Cancer and its treatments may cause breathlessness. There are different ways to help manage breathlessness.
If you are breathless, you may experience uncomfortable or fast breathing. You may feel short of breath or your chest may feel tight.
There are different causes of breathlessness. Your doctor can explain the cause of your breathlessness and help you find the best treatment.
- If your breathlessness gets worse quickly or you have pain when you breathe, contact your doctor immediately as you may need urgent treatment.
- If you cannot speak to your doctor and your breathlessness continues to get worse, go straight to your nearest A&E (emergency department).
Different causes of breathlessness include:
Cancer affecting the lungs
This can be a primary lung cancer that started in the lungs. Or it may be a secondary cancer that has spread to the lungs from another part of the body.
A build-up of fluid in the lining of the lungs (pleural effusion) or abdomen (ascites)
Low levels of red blood cells (anaemia)
Red blood cells carry oxygen around the body. If the level of red blood cells in your blood is low, you may become very tired and breathless. Your doctors may recommend that you have a blood transfusion.
These cause phlegm in the airways and can make you feel breathless. If you develop a high temperature (above 37.5°C (99.5F), a chesty cough or pain when you breathe, contact your doctor immediately. You may need antibiotic treatment.
In advanced cancer, the muscles that help breathing can become weak because of fatigue, lack of nutrition, weight loss and reduced physical activity. This can make breathing more difficult.
A blood clot in the lung (pulmonary embolism)
This can cause sudden breathlessness and pain when you breathe. If you have these symptoms, contact your doctor immediately.
Some other conditions can cause breathlessness, such as fluid in the lungs. Your doctor can advise you about the treatment you need.
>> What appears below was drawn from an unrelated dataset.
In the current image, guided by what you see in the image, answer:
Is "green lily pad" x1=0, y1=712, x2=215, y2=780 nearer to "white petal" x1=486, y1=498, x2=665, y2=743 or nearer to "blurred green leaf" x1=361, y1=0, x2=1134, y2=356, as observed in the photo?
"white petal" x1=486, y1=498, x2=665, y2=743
Smoking makes breathlessness worse. The smoke irritates and inflames the airways. This means less oxygen is absorbed into the bloodstream. If you want to stop smoking, ask your nurse or doctor about help that is available locally.
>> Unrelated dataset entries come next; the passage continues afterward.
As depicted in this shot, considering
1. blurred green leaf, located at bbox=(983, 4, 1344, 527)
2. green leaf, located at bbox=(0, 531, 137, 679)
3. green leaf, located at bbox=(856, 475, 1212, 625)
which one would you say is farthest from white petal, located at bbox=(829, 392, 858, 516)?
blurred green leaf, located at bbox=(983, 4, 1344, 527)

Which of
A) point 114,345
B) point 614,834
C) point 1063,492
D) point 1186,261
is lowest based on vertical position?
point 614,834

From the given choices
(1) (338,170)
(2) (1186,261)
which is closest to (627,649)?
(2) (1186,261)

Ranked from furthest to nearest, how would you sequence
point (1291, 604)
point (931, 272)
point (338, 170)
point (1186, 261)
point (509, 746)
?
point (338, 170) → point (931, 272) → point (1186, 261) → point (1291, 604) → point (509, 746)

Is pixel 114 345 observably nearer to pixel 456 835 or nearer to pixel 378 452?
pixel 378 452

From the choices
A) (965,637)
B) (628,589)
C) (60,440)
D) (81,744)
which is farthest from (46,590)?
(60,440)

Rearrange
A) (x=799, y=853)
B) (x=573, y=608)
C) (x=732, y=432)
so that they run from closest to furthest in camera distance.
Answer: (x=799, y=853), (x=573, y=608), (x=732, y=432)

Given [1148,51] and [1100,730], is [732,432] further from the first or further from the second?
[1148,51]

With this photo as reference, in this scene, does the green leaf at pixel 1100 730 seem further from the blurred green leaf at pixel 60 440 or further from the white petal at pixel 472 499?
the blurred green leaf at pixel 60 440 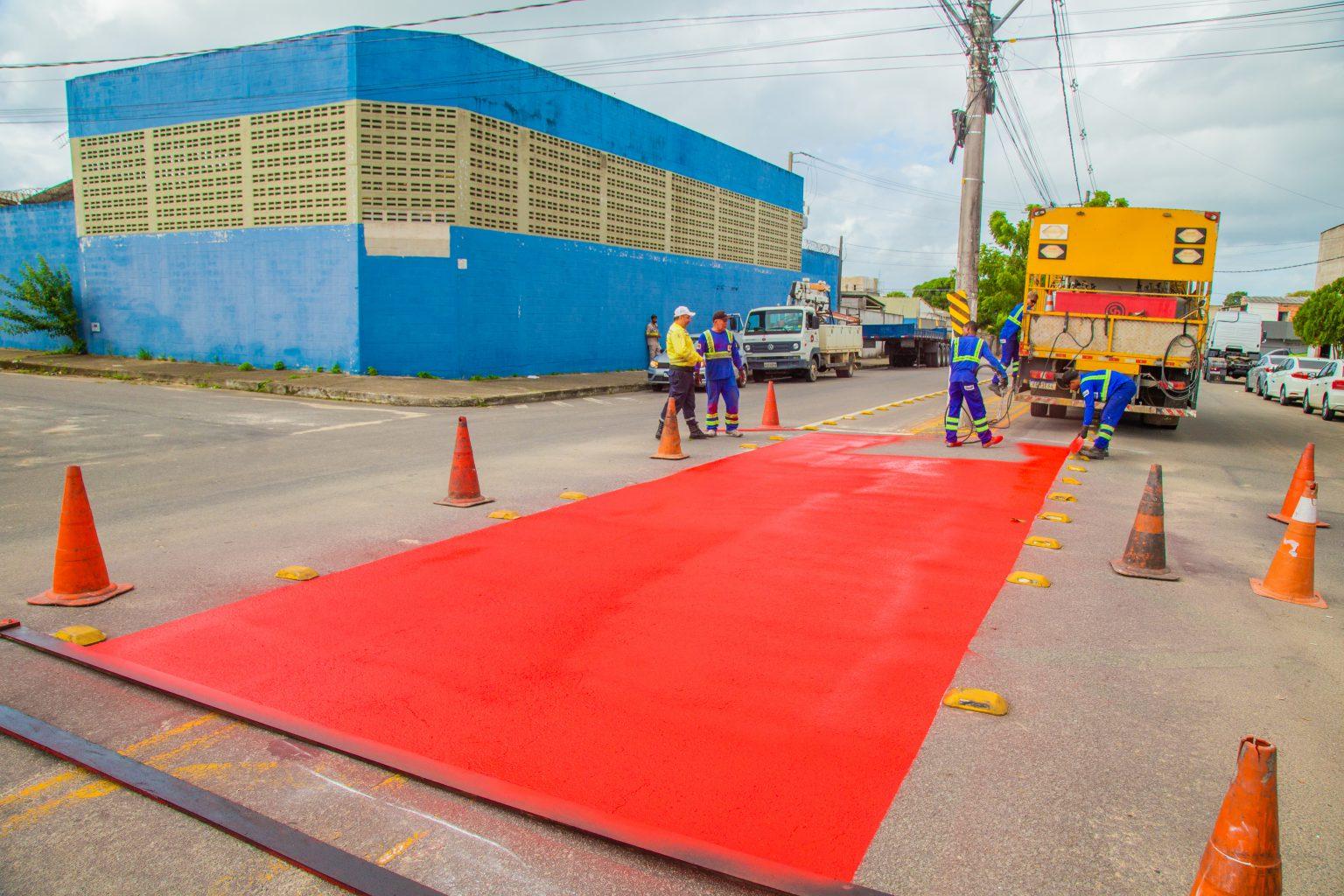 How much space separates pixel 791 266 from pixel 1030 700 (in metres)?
36.8

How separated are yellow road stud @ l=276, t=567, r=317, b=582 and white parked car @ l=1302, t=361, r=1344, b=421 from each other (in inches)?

Surgery for lung cancer, radiotherapy to the chest and some anti cancer drugs can sometimes cause breathing problems. Your cancer specialist can tell you about any effects your treatment may have on your breathing, and answer any questions you have.
Feelings of anxiety and panic
If you have breathlessness, there are ways to manage it and treatments that may help. These may include:
- breathing exercises and relaxation techniques (controlled breathing)
- using a handheld fan
- oxygen treatment.
Who can help
Many people are available to help you and your family and friends manage the problems that breathlessness can cause. These include:
- your GP
- clinical nurse specialist
- physiotherapist occupational therapist (OT)
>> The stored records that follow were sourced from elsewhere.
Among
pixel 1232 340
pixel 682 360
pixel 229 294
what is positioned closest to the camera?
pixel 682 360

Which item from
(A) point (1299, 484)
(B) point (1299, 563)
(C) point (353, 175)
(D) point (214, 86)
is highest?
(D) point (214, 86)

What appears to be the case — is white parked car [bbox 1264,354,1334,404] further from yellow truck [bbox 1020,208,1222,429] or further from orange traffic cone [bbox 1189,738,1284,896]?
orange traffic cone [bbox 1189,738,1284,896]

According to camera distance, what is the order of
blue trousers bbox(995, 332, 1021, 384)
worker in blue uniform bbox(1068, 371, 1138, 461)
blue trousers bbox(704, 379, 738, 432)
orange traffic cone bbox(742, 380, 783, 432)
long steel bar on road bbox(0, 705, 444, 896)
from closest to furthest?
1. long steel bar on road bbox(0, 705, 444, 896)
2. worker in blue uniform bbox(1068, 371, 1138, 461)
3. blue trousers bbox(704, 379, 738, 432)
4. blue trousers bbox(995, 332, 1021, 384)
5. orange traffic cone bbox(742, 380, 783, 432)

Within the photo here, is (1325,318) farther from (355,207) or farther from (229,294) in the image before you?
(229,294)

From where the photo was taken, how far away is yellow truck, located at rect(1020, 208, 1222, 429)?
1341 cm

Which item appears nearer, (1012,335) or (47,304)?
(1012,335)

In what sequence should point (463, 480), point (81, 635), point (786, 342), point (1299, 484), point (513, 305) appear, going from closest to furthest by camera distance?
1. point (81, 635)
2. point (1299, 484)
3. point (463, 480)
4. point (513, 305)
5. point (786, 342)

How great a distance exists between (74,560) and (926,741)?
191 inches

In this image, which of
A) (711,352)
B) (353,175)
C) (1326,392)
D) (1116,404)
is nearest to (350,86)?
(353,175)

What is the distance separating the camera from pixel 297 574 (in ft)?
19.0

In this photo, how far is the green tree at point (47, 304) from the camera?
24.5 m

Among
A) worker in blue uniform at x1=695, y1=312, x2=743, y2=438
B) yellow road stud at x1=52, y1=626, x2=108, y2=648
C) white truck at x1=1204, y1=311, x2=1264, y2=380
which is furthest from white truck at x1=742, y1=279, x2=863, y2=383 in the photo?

- palliative care nurses (sometimes called Macmillan nurses).
Your doctor may suggest using a Borg scale to show how breathless you feel at different times. A Borg scale uses numbers 0 to 10, with 10 being severe breathlessness. You can use this to keep a diary of your breathlessness.
You may find it helpful to write a plan for when you feel breathless. This could be a resting position that you know helps, having the fan turned on or the window opened. Having a plan will also help your carers support you when you are breathless.
There are things you can do to manage breathlessness if it is having an effect on your day to day life. You may find it helpful to:
- prioritise things you most enjoy or things that need doing most
- plan ahead
- arrange your home to make daily tasks easier
- sit down to wash, dress or prepare food.
Do not be afraid to ask for help from family and friends. If you live alone and are struggling, talk to your doctor about what help is available.
You can ask to see a physiotherapist or an occupational therapist (OT) for some expert help.
Your feelings may change at different times during your illness. Some days you may feel frightened, stressed, angry, sad and even guilty.
These are normal responses to breathlessness, the cancer, the treatment and any fears you have about the future. There’s no right or wrong way to deal with these feelings, but accepting they are normal will help.
Sometimes you may feel you need to be alone. Other times you may want to be with people. Do what feels right for you at the time.
You may have family and friends who find your changing emotions hard to understand. But try talking together about how you all feel. This can help you understand each other better and be able to cope with the problems more easily. You can also talk to your doctor or nurse for support.